George Smith

Personal information
- Date of birth: 12 July 1879
- Place of birth: Preston, England
- Date of death: 3 July 1908 (aged 28)
- Place of death: Southampton, England
- Positions: Half back; inside forward;

Youth career
- Leyland

Senior career*
- Years: Team / Apps / (Gls)
- 1899–1901: Preston North End / 28 / (1)
- 1901–1902: Aston Villa / 5 / (0)
- 1902–1903: New Brompton / 30 / (10)
- 1903–1906: Blackburn Rovers / 58 / (4)
- 1906–1907: Plymouth Argyle / 41 / (6)
- 1907–1908: Southampton / 21 / (5)

= George Smith (footballer, born 1879) =

English footballer

George Smith (12 July 1879 – 3 July 1908) was an English professional footballer who played for several clubs at the beginning of the 20th century.

==Playing career==
Smith was born in Preston and played his youth football with Leyland. In July 1899 he started his professional career playing as a half-back at Preston North End where he stayed for two seasons. At the end of his second season, Preston were relegated from the First Division.

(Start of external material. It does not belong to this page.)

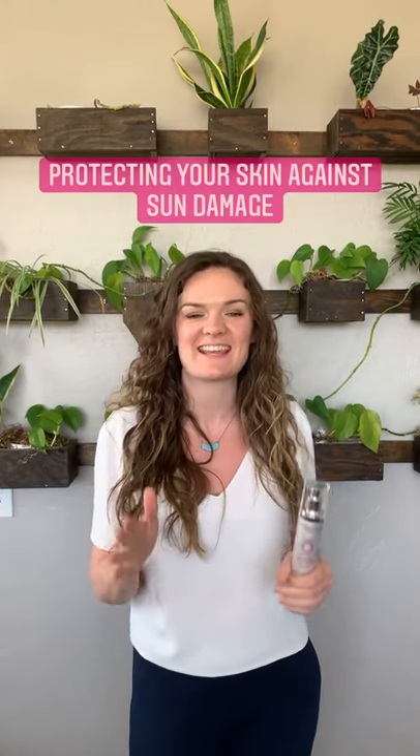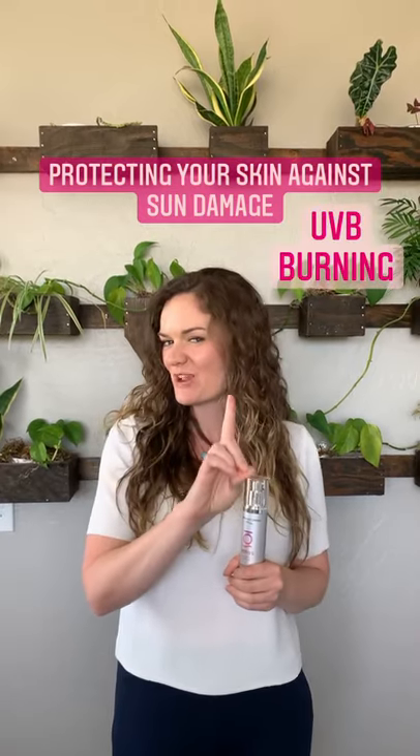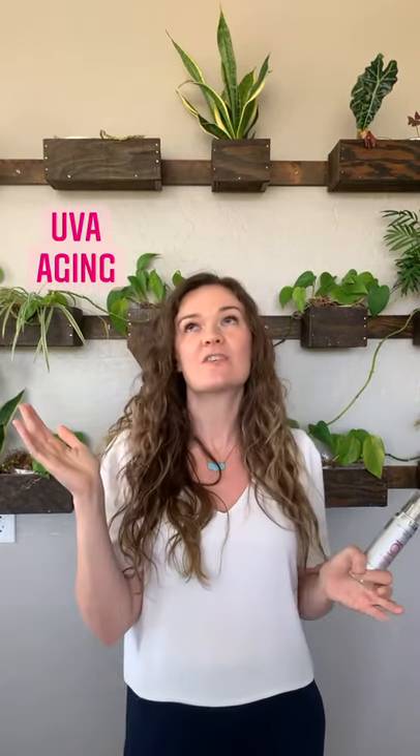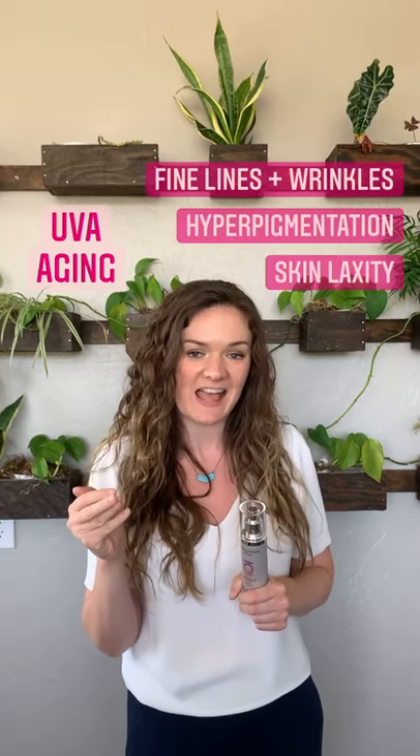Today we're talking about protecting your skin against sun damage. There are two rays we want to think about: UVB, which is your burning rays, and UVA, which is associated with aging. UVA rays come through windows, even on a cloudy day, and are associated with fine lines and wrinkles, hyperpigmentation, and skin laxity.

He then spent part of the 1901–02 season at Aston Villa before moving to non-league New Brompton In 1903 he joined Blackburn Rovers where he stayed for three years, before joining Plymouth Argyle.

In the summer of 1907 he signed for Southampton of the Southern League, where he was converted into an inside forward, playing alongside Frank Jefferis, John Bainbridge and John Lewis. As a forward he was prone to over-elaboration but had a powerful shot. He made 21 league appearances, scoring five goals, and also played in all six FA Cup matches as Saints reached the semi-finals, losing to Wolverhampton Wanderers who went on to take the cup in the final.

Smith suddenly collapsed and died, shortly before his 29th birthday in July 1908.